MESSAGE FROM THE HOUSE

 

April 23, 1999

MR. PRESIDENT:

      The House refuses to concur in the Senate amendment(s) to SUBSTITUTE HOUSE BILL NO. 1250 and asks the Senate to recede therefrom, and the same are herewith transmitted.

 

TIMOTHY A. MARTIN, Co-Chief Clerk

                        DEAN R. FOSTER, Co-Chief Clerk

MOTION

 

      On motion of Senator Prentice, the Senate receded from its amendment(s) to Substitute House Bill No. 1250.

      The President declared the question before the Senate to be the roll call on the final passage of Substitute House Bill No. 1250, without the Senate amendment(s).

 

ROLL CALL

 

      The Secretary called the roll on the final passage of Substitute House Bill No. 1250, without the Senate amendment(s), and the bill passed the Senate by the following vote: Yeas, 44; Nays, 0; Absent, 1; Excused, 4.

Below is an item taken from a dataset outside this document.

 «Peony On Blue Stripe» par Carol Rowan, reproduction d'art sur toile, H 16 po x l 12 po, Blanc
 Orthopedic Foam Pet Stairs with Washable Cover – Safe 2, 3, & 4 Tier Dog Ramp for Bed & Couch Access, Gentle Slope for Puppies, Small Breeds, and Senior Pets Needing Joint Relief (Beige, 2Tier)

     Voting yea: Senators Bauer, Benton, Brown, Costa, Eide, Fairley, Finkbeiner, Franklin, Fraser, Gardner, Goings, Hale, Haugen, Heavey, Hochstatter, Honeyford, Horn, Jacobsen, Johnson, Kline, Kohl-Welles, Long, Loveland, McAuliffe, McDonald, Morton, Oke, Patterson, Prentice, Rasmussen, Roach, Rossi, Sellar, Sheahan, Sheldon, B., Sheldon, T., Shin, Snyder, Spanel, Stevens, Thibaudeau, Winsley, Wojahn and Zarelli - 44.

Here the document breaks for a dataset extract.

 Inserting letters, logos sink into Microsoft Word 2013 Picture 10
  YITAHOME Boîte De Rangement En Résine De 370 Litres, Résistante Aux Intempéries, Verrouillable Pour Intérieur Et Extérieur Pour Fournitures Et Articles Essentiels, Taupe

     Absent: Senator West - 1.

     Excused: Senators Deccio, Hargrove, McCaslin and Swecker - 4.

      SUBSTITUTE HOUSE BILL NO. 1250, without the Senate amendment(s), having received the constitutional majority, was declared passed. There being no objection, the title of the bill will stand as the title of the act.

 

 

 

 

MOTION

 

      At 4:49 p.m., on motion of Senator Betti Sheldon, the Senate adjourned until 10:00 a.m., Saturday, April, 24, 1999.